TASK PROMPT: From the material below, return exactly the lines starting at the one that holds "Unisex Nokian - Kummikud, suurus" and ending at the one that holds "Theory Fitted Blazer, Alternate, color, Black". Pictures stay out of the answer.

EXTRACTED RECORDS:
##########

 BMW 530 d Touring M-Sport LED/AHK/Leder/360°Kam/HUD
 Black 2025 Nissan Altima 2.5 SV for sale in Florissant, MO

##########

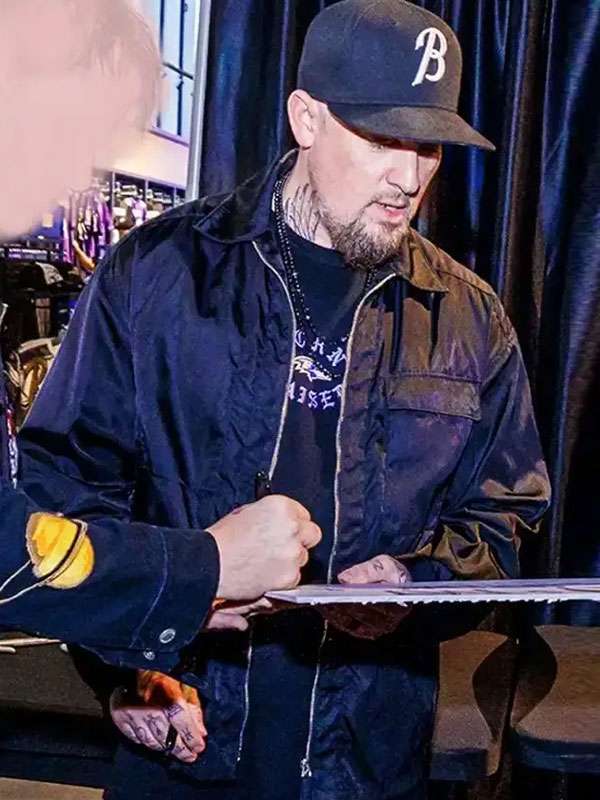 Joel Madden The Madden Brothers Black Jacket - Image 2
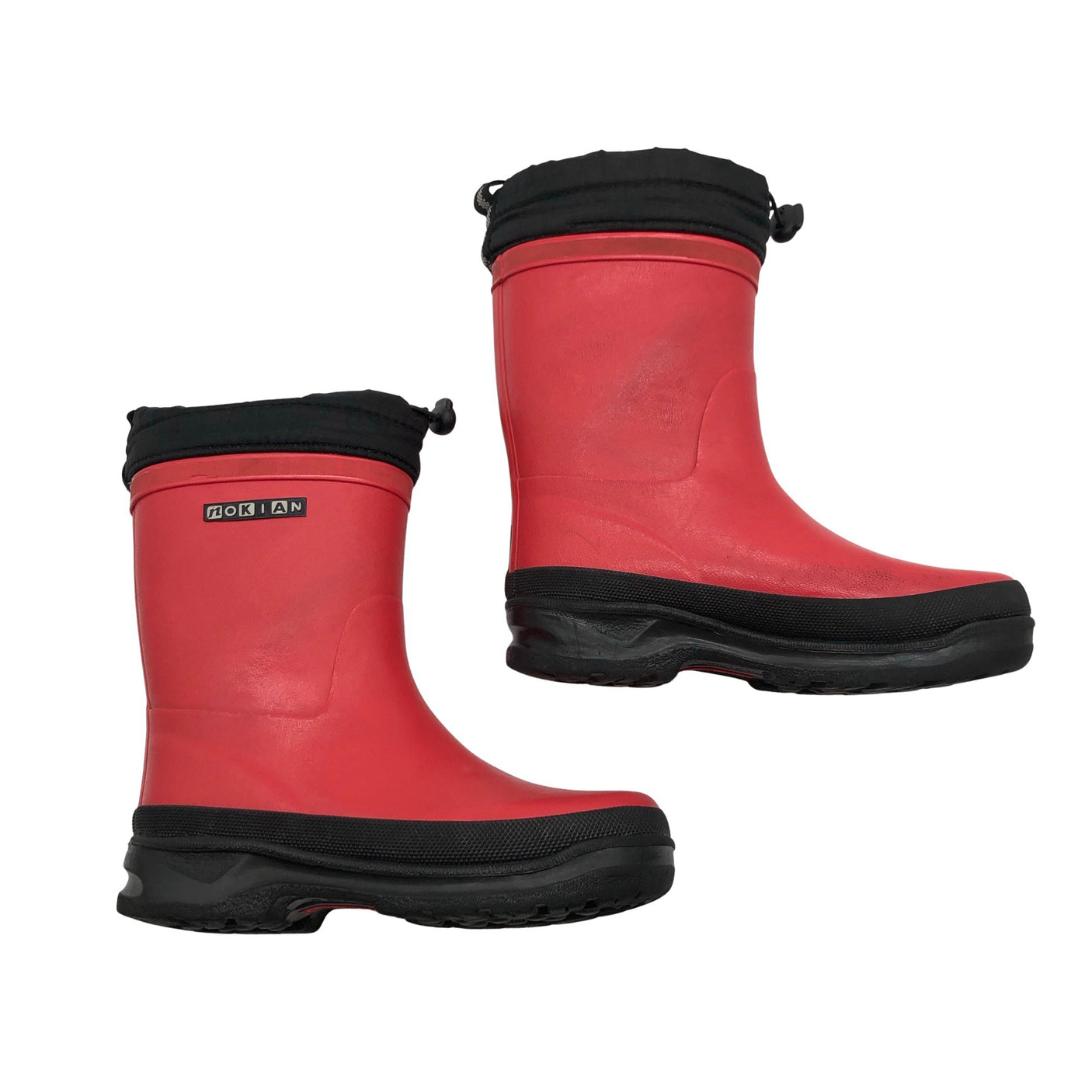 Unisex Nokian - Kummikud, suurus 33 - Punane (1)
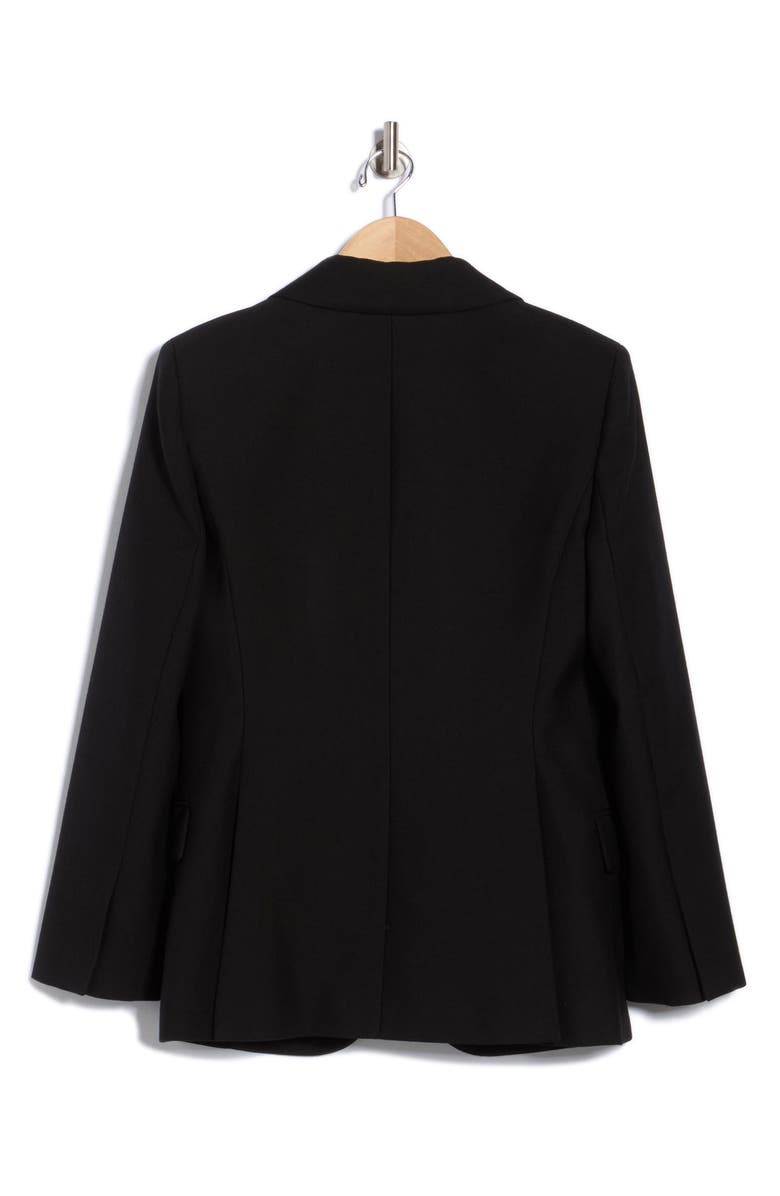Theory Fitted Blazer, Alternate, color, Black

##########

TASK RESPONSE:
 Unisex Nokian - Kummikud, suurus 33 - Punane (1)
Theory Fitted Blazer, Alternate, color, Black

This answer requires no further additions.